A "Smart Girls" misfire: "Experimenting with Megan Amram" is more likely to inspire a generation of comedians than STEM majors

The acclaimed TV writer's first episode features an elementary experiment and an off-putting interview

Published August 11, 2015 6:03PM (EDT)

  (amysmartgirls.com)
(amysmartgirls.com)

I love "Amy Poehler’s Smart Girls” website. I follow it, rejoice in it, and basically believe it to be a positive force inside a sea of negative models exploiting female insecurity. So when “Smart Girls” announced it would be hosting the weekly comedy web show, “Experimenting with Megan Amram,” I had high hopes for a series intended to encourage teen girls (who are ready to move against the crowd, as the site's mission states) to major in Science, Technology, Engineering, and Mathematics (STEM)-related fields. Who wouldn’t loook forward to a comedic version of Emily Graslie’s terrific series, "The Brainscoop"?

The project appears to be an offshoot of Amram's popular science-meets-lady-magazines parody "Science ... For Her!" by Amram, a former writer for NBC's "Parks and Recreation" and one of Rolling Stone's 25 Funniest People on Twitter. The premier episode of Amram's show is now available to view. Right away, a breathy female voice coos: “Science, oooh. Sexy!” Err…what? I’m confused. What is the target age group of this show again?

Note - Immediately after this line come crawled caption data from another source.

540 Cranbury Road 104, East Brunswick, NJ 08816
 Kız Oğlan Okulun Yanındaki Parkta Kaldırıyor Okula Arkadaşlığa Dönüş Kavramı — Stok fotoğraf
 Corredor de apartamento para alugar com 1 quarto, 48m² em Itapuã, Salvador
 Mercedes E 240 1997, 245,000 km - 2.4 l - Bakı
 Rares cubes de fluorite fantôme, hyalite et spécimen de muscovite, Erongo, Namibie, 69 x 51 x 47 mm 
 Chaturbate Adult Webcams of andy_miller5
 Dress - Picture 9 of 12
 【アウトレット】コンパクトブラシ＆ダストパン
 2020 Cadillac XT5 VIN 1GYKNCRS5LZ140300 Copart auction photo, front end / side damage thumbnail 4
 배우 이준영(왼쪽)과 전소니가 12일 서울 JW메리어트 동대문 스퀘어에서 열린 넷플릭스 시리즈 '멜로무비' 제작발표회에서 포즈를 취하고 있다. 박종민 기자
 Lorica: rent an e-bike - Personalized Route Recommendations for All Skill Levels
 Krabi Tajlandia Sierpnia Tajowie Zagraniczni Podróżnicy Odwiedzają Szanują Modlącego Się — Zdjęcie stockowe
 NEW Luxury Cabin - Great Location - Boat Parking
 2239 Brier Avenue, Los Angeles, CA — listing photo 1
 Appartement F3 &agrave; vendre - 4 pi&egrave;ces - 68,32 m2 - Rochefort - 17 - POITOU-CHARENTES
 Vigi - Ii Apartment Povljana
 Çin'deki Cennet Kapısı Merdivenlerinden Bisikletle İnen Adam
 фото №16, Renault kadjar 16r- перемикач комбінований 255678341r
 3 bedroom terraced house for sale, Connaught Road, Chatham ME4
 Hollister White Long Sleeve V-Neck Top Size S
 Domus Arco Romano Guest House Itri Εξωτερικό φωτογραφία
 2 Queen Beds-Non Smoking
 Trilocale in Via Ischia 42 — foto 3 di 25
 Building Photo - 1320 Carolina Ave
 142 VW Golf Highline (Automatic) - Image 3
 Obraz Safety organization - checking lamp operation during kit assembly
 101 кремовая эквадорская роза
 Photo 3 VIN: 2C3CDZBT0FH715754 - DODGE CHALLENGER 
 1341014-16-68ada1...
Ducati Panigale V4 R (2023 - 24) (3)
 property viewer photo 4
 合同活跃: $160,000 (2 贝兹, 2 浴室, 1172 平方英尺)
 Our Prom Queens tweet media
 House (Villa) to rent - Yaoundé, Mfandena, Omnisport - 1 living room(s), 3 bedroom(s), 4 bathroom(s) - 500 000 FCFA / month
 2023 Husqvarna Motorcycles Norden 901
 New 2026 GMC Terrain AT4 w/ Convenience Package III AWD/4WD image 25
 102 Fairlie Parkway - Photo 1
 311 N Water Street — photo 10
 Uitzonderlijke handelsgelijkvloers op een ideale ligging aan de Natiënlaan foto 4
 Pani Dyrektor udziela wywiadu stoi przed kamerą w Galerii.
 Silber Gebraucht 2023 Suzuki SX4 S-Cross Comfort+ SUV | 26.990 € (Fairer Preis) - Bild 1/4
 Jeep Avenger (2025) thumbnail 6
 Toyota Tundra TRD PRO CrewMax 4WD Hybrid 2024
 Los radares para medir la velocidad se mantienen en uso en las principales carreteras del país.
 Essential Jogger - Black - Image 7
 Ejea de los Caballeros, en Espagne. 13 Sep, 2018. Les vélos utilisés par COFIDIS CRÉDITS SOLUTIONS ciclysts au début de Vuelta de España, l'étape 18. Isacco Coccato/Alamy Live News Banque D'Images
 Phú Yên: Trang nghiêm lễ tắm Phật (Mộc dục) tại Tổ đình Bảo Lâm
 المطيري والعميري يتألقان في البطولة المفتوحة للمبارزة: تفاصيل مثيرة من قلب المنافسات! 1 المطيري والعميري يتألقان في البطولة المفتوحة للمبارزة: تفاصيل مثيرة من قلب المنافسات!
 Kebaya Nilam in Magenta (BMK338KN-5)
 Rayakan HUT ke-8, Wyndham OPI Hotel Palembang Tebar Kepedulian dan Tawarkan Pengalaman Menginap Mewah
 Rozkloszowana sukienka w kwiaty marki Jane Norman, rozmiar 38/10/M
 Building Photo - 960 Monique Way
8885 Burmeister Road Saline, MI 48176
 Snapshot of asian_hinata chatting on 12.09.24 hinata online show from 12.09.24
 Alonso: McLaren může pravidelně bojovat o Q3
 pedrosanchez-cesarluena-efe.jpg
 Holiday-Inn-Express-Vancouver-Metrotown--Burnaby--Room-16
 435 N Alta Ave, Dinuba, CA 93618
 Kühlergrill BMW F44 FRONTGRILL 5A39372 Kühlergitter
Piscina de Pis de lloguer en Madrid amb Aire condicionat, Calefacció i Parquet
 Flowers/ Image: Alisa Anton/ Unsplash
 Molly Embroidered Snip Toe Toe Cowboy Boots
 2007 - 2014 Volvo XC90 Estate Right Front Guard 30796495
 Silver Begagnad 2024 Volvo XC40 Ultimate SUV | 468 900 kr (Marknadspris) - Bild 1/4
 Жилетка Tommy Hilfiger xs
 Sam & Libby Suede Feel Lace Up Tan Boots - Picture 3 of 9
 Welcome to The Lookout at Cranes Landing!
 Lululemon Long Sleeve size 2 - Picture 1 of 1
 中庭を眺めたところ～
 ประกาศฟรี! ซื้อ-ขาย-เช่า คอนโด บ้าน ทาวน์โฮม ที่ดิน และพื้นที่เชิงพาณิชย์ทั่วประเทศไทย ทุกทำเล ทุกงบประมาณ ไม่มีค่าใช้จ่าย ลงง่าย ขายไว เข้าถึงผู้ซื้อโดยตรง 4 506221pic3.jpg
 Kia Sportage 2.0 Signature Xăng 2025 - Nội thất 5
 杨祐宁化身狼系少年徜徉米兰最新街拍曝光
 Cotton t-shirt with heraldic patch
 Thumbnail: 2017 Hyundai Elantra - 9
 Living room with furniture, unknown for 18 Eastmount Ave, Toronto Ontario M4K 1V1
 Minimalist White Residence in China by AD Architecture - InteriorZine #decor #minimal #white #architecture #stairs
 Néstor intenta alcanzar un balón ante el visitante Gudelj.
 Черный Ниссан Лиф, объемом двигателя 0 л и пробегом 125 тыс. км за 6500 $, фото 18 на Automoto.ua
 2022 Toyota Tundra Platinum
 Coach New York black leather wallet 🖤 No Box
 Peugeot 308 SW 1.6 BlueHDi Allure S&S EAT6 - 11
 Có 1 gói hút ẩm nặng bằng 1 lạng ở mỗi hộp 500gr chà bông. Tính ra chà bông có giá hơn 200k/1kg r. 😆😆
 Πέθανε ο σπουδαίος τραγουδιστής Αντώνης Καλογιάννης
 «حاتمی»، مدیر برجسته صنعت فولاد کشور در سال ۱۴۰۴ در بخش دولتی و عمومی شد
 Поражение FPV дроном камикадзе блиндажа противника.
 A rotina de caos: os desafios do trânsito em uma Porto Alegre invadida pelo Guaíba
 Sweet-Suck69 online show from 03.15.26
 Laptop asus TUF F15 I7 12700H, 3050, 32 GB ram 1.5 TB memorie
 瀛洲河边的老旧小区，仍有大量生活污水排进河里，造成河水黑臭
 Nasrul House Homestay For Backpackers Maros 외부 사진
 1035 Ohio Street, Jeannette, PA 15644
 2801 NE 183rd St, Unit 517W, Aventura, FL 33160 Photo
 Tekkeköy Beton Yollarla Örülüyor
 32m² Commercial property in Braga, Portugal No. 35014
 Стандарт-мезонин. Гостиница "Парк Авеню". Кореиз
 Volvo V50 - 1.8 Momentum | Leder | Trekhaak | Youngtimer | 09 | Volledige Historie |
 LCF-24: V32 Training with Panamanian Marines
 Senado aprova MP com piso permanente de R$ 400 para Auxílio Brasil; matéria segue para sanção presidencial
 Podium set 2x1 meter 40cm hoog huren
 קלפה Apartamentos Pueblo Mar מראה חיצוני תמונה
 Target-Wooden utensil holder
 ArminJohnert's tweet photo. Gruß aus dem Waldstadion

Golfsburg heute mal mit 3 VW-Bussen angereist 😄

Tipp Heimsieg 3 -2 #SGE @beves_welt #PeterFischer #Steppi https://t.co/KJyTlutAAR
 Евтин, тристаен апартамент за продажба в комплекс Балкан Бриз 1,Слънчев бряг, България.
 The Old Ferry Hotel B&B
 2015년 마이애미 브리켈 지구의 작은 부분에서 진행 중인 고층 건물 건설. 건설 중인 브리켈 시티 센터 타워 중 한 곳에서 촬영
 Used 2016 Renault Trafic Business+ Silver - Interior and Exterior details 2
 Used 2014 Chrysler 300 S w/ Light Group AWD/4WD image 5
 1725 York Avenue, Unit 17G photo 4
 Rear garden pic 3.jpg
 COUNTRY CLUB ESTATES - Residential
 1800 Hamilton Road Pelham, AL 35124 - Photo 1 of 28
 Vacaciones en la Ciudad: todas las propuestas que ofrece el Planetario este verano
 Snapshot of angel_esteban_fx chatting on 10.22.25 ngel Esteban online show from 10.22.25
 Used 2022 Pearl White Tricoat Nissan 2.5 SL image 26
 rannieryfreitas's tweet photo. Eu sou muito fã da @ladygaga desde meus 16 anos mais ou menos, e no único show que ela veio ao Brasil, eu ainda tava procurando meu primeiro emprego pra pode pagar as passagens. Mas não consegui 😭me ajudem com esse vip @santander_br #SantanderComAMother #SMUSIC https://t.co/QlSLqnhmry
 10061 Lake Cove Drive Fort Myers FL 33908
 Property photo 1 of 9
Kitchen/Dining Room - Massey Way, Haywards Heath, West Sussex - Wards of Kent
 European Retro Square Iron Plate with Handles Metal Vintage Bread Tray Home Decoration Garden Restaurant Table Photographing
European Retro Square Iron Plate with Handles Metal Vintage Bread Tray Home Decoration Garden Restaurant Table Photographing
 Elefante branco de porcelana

To watch the experiment portion of the show, you'd think it's rug rats just beginning to age out of Nickelodeon. Amram opens her segment by setting out the ingredients to make a potato clock, in the manner of a kooky cooking show. Fine, and fun enough, but it’s not “science.” It’s what you get your seven-year old brother to make when you’re 1.5 years younger and have too many potatoes to peel. Which I did, and he did, then he used the potato battery to power up a robot he’d also made. After we inevitably got into an epic fight, I grabbed the potatoes and made pancakes out of them. He became a computer engineer, and I didn’t. I don’t think sexism in the sciences had anything to do with it.

Making a potato clock is no different from assembling Mr. Potato Head unless you’re also getting a lesson in chemistry, and even then, it’s like freezing your tongue to the flagpole: everybody tries it once before getting too large to sit on the teeter-totters. So if little girls are Amram’s target age group, then hitching a “sexy” intro to this kind of content is really off the mark. And if the series is hoping to convince Cosmo girls that “sexy science” is a thing, then, bluntly, it would have a lot more success if the Norse god of thunder, Thor, was her co-host. He thinks lady scientists are hot.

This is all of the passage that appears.